## GIVEN MATERIAL
▬▬▬▬▬▬
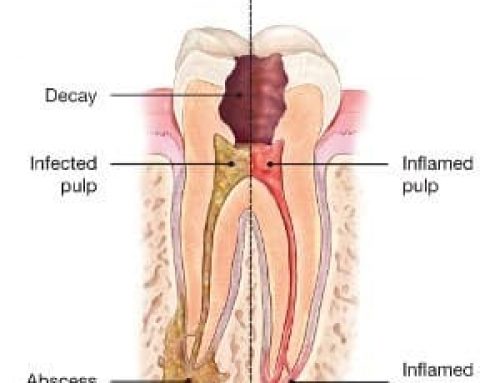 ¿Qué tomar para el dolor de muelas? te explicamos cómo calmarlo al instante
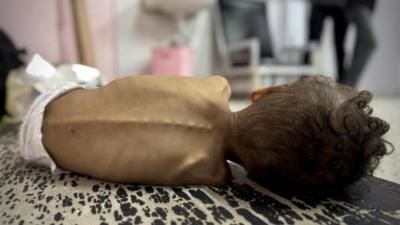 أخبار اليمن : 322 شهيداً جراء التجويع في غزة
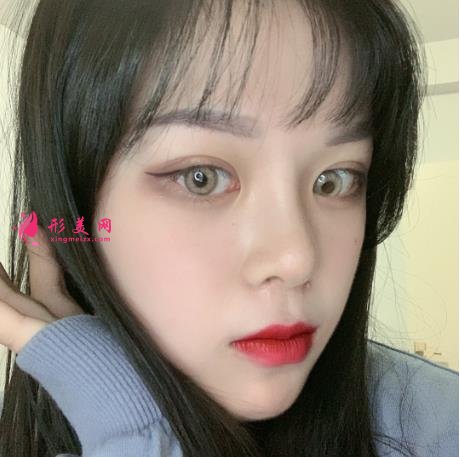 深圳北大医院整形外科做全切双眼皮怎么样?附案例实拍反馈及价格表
▬▬▬▬▬▬
## EXERCISE INSTRUCTIONS
What you return should be the exact lines from the one containing "أخبار اليمن : 322 شهيداً جراء التجويع في غزة" through the end of the listing above, both included, minus any pictures.

## OUTPUT
 أخبار اليمن : 322 شهيداً جراء التجويع في غزة
 深圳北大医院整形外科做全切双眼皮怎么样?附案例实拍反馈及价格表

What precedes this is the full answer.